価格面では、豚肉供給の安定化などにより、長期的には価格の変動幅は縮小し、安定化に向かうと予測される。
今後の見通しについて、家畜伝染病の影響、飼料価格の変動、豚肉消費の増減などが養豚産業に大きな影響を与える可能性があるとしている。
2007年以降、アフリカ豚熱や豚繁殖・呼吸障害症候群などの家畜伝染病が猛威を振った。現在は大規模な流行は顕在化せず、一見感染拡大が抑えられているようにもみられるが、実態として散発的に種々の病気が発生している状況と考えられる。
また、飼料企業は経営努力によりトウモロコシや大豆などの飼料原料の配合割合を調整するなど、生産コストの削減に努めている。今後のさらなる生産性向上や飼料穀物備蓄の状況によっては、養豚業の生産コストにも影響を及ぼす可能性があると見込まれる。
さらには、今後の経済活動の回復に伴う潜在的な豚肉需要の喚起が見込まれるが、その時期や程度は所得水準の向上の動向などに影響を受ける。一方、長期的には総人口の減少や健康意識の高まりによる動物性タンパク質から植物性タンパク質への消費の変化などといった食の多様化が、豚肉消費に負の影響を与える可能性がある。
これらの要因などにより、今後の見通しに変更が生じる可能性が懸念されるとしている。
(注1)三菱UFJリサーチ&コンサルティング株式会社「月末・月中平均の為替相場」の2023年5月末TTS相場。
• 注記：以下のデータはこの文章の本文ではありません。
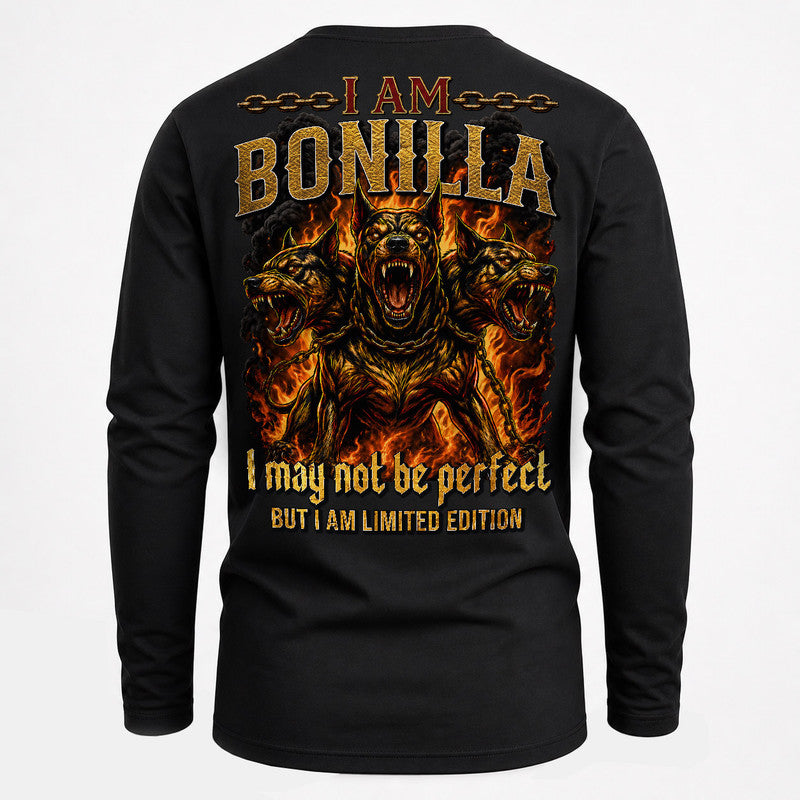 BONILLA MP88-F2-168–Personalized Bold Quote Apparel “I Am NAME I May Not Be Perfect But I Am Limited Edition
(注2)昨年の報告では、22年対比で1人当たりの年間平均消費量の減少を織り込みつつも、10年後は同年比で消費量は増加するとしている。一方で今回の報告では、食の多様化が進むとしつつも、23年対比で1人当たりの年間平均消費量の増加を前提としながら、消費量では同年比で減少が見込まれている。